Yesterday we got again better-then-expected data form German economy. No statement from G7 meeting is also supporting EUR/USD. The pound before today's interest rate decision. Polish MPC decided to lower the benchmark by 25 bps to 3% on refi. Strong moves on bonds with yields approaching 3% on 10–year papers.
Macro data (CET- Central European Time). Survey is supplied by Bloomberg unless otherwise noted.
Industrial production from Germany. No statement from G7. EUR/USD “shrugged off” ECB and U.S jobs data.
We finished another day with better-then-expected data from Germany. The industrial production jumped 1.2% vs analyst's estimates at around minus 0.1%. It is worth to note, however, that recently published leading indicators (PMI, Ifo, ZEW) from Poland's west neighbor falls short of expectations. The key question is then whether it was just a slight up-tick in the production readings or the leading indicators were disturbed by, for example, by Cyprus crisis or Italian government issues.. The answer for that question can give us a clear hint whether the anticipated economy rebound is still possible in the 2nd half of the year or not. The other argument (a bit far-fetched) supporting risk-on sentiment is information that there will be no statement after G7 meeting. As The Wall Street Journal reports “A senior Canadian government official said Wednesday the group may discuss foreign-exchange policies, although the gathering will be an informal debate, and no release of statements is planned”. Investors were worried that if the G7 criticize BoJ for too aggressive monetary policy it will spoil the overall optimism.

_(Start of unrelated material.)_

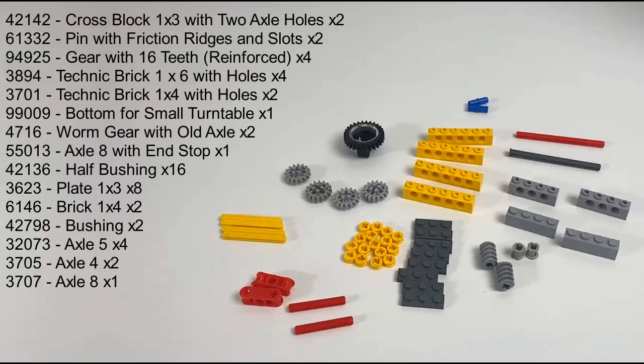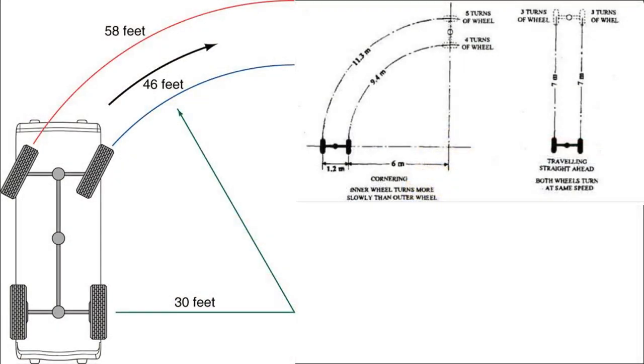In this video I'm going to do another torsion differential custom build — this one is of my own design. You can see all of the parts for this build on screen, and they'll also be linked in the description below. I've covered in previous videos what differentials are and how they work. Essentially, a differential just enables the wheels in a vehicle to move at different speeds, enabling that vehicle to turn without one of the wheels sticking.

It seems that EUR/USD tries to “shrug off” the recent negative events (ECB interest rate cut – bearish for the euro, and solid NFP data – bullish for the dollar), and is pushing consequently north. As usually in such moments I don't recommend to fight with the market even though it is sometimes can be counterintuitive.
Short term opportunity for the pound
The pound has an opportunity to gain some more ground. If todays data beats the expectations and the Central Bank leaves QE unchanged with decreased number of Members supporting the asset purchase program the we can even see a jump around 100 pips. On the other hand the rise can be limited due to July change on the governor seat. Mark Carney (former Canadian Central Bank chief) is viewed by market quite dovish and is expected to put the pressure on the sterling in the medium term.
Unexpected rate cut. Bond market rally. Professor Belka message to analysts.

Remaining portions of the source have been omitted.